§ **What you have to do**
Look through the data below. Collect every line where the word "walls" occurs.

+---+

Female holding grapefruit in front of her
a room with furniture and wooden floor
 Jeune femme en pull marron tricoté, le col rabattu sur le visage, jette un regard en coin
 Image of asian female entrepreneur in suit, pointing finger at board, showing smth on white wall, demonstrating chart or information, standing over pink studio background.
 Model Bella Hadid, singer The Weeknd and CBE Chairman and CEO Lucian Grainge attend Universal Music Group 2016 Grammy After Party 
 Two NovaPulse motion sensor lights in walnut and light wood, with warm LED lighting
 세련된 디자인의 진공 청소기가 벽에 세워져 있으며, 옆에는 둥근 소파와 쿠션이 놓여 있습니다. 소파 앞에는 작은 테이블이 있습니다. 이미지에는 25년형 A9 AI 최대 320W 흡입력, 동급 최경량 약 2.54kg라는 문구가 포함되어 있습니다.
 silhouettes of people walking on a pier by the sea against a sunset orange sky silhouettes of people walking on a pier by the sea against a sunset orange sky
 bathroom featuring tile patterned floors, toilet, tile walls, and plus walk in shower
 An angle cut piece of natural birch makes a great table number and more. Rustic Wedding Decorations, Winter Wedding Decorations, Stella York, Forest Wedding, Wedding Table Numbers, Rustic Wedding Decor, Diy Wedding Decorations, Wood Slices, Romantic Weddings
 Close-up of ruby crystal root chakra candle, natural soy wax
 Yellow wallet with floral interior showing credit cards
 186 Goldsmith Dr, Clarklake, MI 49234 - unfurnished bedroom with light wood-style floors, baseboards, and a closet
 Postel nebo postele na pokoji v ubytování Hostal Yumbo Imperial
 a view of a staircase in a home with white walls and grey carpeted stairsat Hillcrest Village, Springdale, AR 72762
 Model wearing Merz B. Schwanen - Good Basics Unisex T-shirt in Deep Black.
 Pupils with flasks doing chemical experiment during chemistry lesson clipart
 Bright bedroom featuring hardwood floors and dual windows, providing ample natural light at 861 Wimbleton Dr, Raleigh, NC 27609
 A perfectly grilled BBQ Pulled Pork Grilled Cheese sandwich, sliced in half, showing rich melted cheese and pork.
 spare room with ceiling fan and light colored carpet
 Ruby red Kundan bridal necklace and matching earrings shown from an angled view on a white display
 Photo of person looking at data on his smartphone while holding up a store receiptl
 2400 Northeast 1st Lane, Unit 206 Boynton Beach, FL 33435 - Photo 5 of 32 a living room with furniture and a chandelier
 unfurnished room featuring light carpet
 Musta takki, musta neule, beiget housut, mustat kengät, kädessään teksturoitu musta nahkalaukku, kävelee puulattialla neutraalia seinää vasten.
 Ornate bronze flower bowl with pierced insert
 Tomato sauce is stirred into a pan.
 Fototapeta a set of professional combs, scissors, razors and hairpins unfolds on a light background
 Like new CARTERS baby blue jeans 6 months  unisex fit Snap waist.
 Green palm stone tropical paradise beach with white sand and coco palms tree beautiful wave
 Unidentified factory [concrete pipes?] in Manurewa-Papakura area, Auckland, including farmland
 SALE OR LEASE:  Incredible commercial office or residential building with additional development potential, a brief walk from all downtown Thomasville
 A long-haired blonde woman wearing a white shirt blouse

+---+

§ **Output**
 bathroom featuring tile patterned floors, toilet, tile walls, and plus walk in shower
 a view of a staircase in a home with white walls and grey carpeted stairsat Hillcrest Village, Springdale, AR 72762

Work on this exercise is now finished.